L’attività svolta a Maputo ha superato sicuramente ogni tipo di aspettativa. C’è stato da lavorare, e non poco, ma non c’è stato giorno in cui io mi si sia sentito stanco. Sarà il condizionamento implicito trasmesso da una cultura che è sempre in movimento, da persone che non possono stare ferme perché nulla è regalato, o l’effetto di chi porta ancora gli strascichi del passato nella propria memoria; che rende ogni passo simbolo di libertà, di una libertà conquistata.
Il tempo di riaprire gli occhi ed erano passate circa quattordici ore, ero in un luogo tanto diverso nell’apparenza, ma tanto simile nel profondo. In superficie tutto ciò che mi circondava era differente, le strade in terra battuta, le case con i tetti in lamiera, il comportamento delle persone, lo sguardo con cui venivo accolto. Non c’è stato giorno in cui non mi sia sentito parte di una comunità, nonostante io credessi di non farne davvero parte.
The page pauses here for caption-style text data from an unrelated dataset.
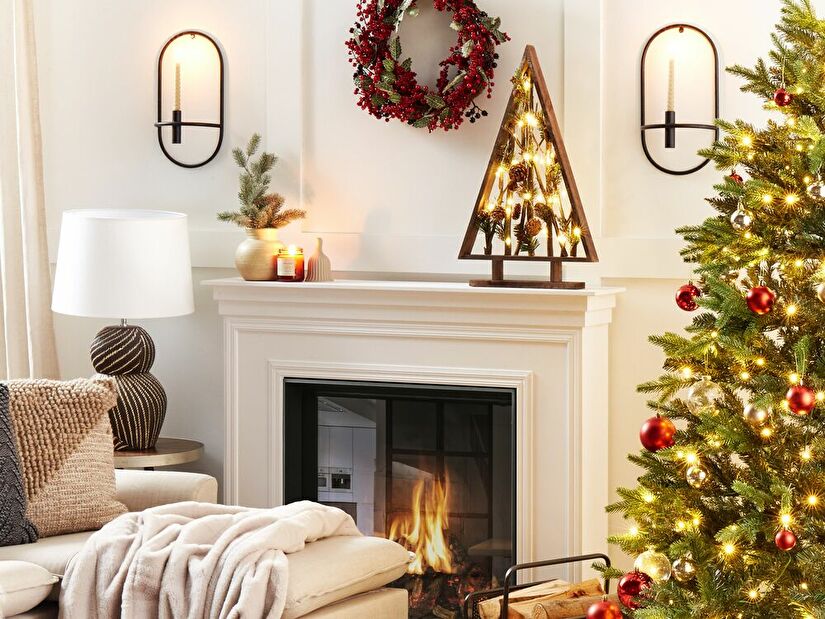 LED dekorace vánoční stromek Sioned (tmavé dřevo)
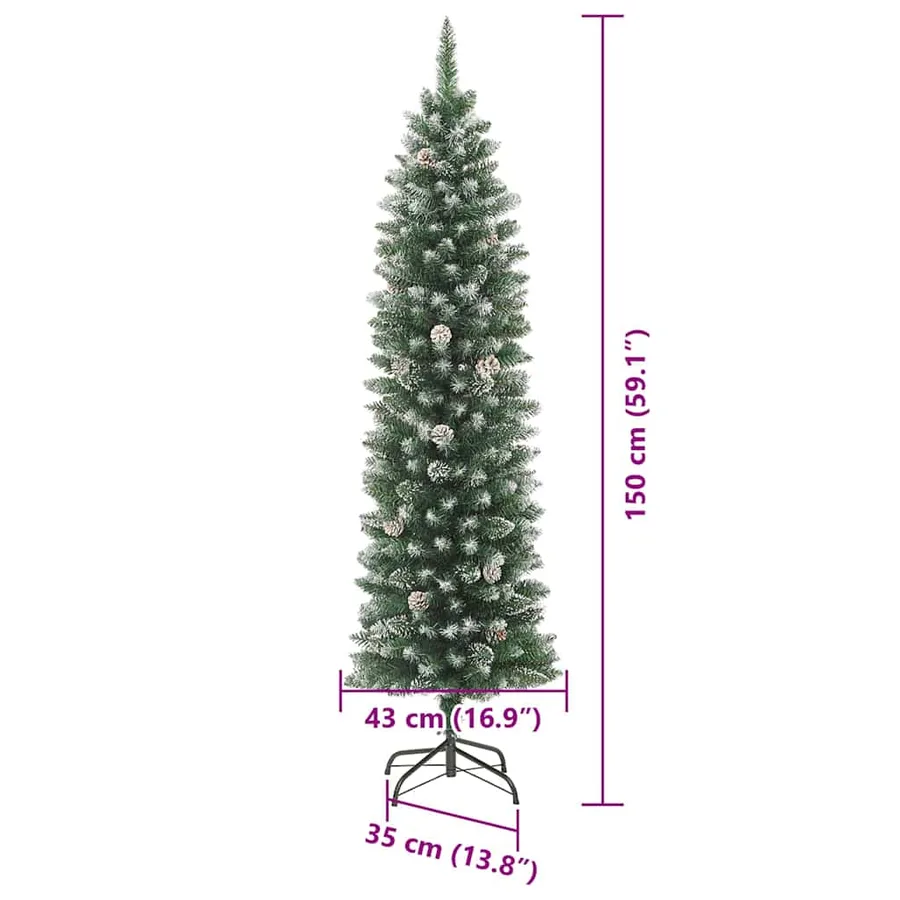 Arbre de Noël artificiel slim avec 150 LED Vert et blanc 150 cm - 16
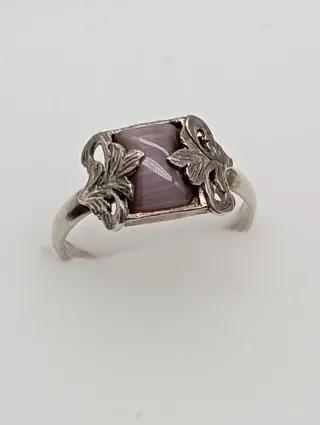 Anillo Vintage Plata 925 Ojo de Gato Morado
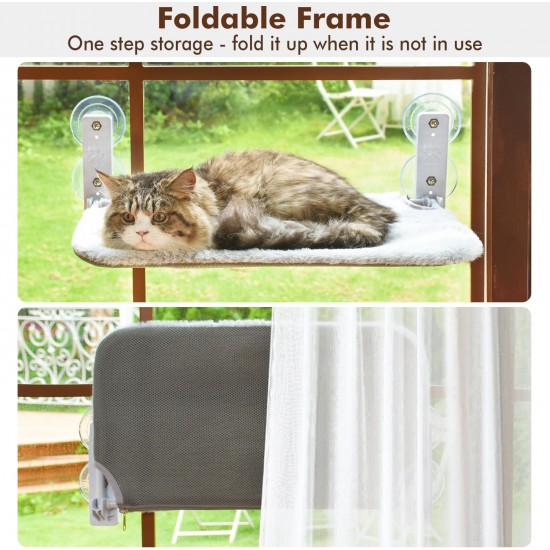 AMOSIJOY Wireless Cat Window Pole, Cat Hammock with 4 Suction Cups, Solid Metal Frame and Reversible Cover, Foldable Cat Beds for Indoor Cats AMOSIJOY Wireless Cat Window Pole, Cat Hammock with 4 Suction Cups, Solid Metal Frame and Reversible Cover, Foldable Cat Beds for Indoor Cats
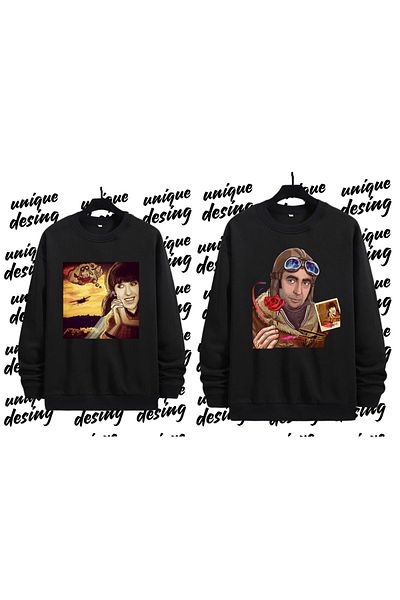 UNIQUE DESIGN Vecihi Patterned Sweatshirt - Couple Combination Set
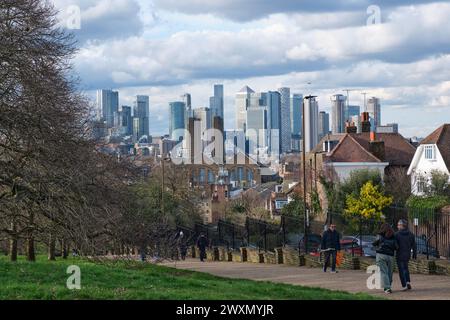 Vue de Canary Wharf depuis Greenwich Park, Maze Hill, , Londres, Angleterre Banque D'Images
Ho sempre percepito di essere componente di quell’ambiente e l’aspetto più bello è che mai nessuno mi ha messo in condizione di ricredermi.
Mi chiedo se, nel mio paese d’origine, una persona nella mia stessa condizione potrà mai provare le sensazioni di accoglienza che ho potuto sperimentare, mi chiedo tanto riguardo ciò, ma questa è un’altra faccenda. C’erano delle parole che venivano costantemente ripetute, non so se per abitudine o, con maggiore probabilità, per la loro profonda radice nella cultura sociale, erano ‘estamos juntos’, che in italiano significa ‘stiamo insieme’. Ho sempre avvertito un meraviglioso senso di comunità e non ho mai avuto la sensazione di essere solo. Che fossi a casa, immerso nella continua e necessaria scoperta della cultura, oppure nel pieno delle attività lavorative, non ho mai provato nessuna sensazione riconducibile alla solitudine.
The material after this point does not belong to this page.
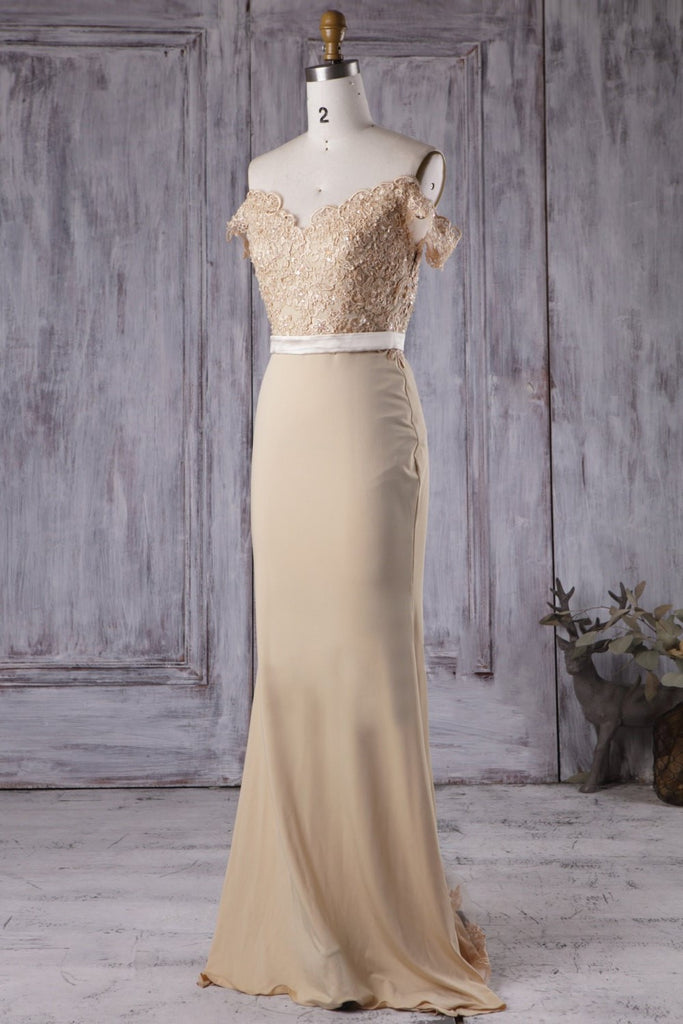 Beaded Lace Champagne Bridesmaid Dress Long Chiffon Skirt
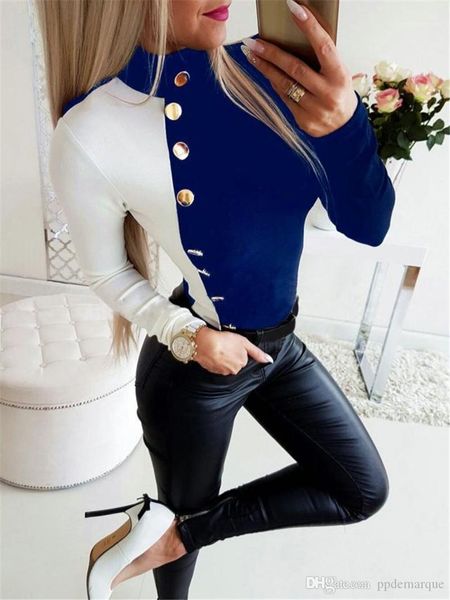 

club slim patchwork color matching long sleeved crew neck ladies tshirts fashion female tees womens designer tshirts, White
Il lavoro è stato sicuramente un aspetto fondamentale ed è esattamente quello che racconto e ricordo con maggiore entusiasmo. Ho avuto modo di affiancare Soares e Omar nelle attività di Musicoterapia, abbiamo lavorato intensamente cercando di soddisfare tutti gli obiettivi preposti. Non c’è stato giorno in cui non siamo riusciti a fare un passo avanti, avevamo così tanta necessità di progredire che nessuna forma di malessere poteva essere d’intralcio, anche l’errore si trasformava magicamente in un pretesto per avere un confronto.
Ho avuto modo di lavorare con loro per due mesi, il tempo necessario per fare una supervisione specifica di tutte le persone coinvolte nei trattamenti di Musicoterapia e di organizzare, insieme, il lavoro nel migliore dei modi per quella specifica condizione e per quel determinato momento. C’è stato un continuo coinvolgimento contraddistinto da uno scambio autentico, privo di interessi personali, tanto negli aspetti lavorativi quanto in quelli artistici.
Abbiamo suonato molto, sia durante le attività di Musicoterapia sia per il puro piacere di farlo, unendo il dialogo ritmico della musica mozambicana con l’espressività della musica italiana.
Ho suonato con loro nel giorno in cui si celebra la rivoluzione del Mozambico, abbiamo suonato insieme diversi brani, anche quel brano italiano che rimanda alla memoria la più importante rivoluzione dal nostro paese nel suo periodo più difficile. Sebbene il brano fosse noto a molti, in pochi ne conoscevano il vero significato. È davvero significativo quanto la musica possa fungere da ponte tra culture diverse e momenti storici cruciali. La fusione di elementi della musica mozambicana e italiana non solo arricchisce l’esperienza musicale, ma crea anche uno spazio per il dialogo e la comprensione reciproca.
Suonare insieme per celebrare la rivoluzione del Mozambico è stato un momento di grande intensità e significato, che ha unito le memorie e le lotte di entrambi i paesi.
Negli ultimi giorni di attività, fra le mura dell’Associazione Machaka, veniva costantemente ripetuto il mio nome, che in changana, significa “sto qui”, probabilmente per contrastare e ridimensionarne gli effetti di ciò che da lì a poco sarebbe accaduto. È stata la sintesi di oltre sessanta giorni in cui mi sono sentito vivo, in cui ho potuto vedere e sperimentare la vita per quello che dovrebbe essere. Maputo è un luogo ancora intatto, lontano dalla sovra-stimolazione alla quale noi europei siamo assuefatti, nei quartieri di Maputo la vita prende forma con poco, ma risulta essere molto più ricca di quanto si possa immaginare.”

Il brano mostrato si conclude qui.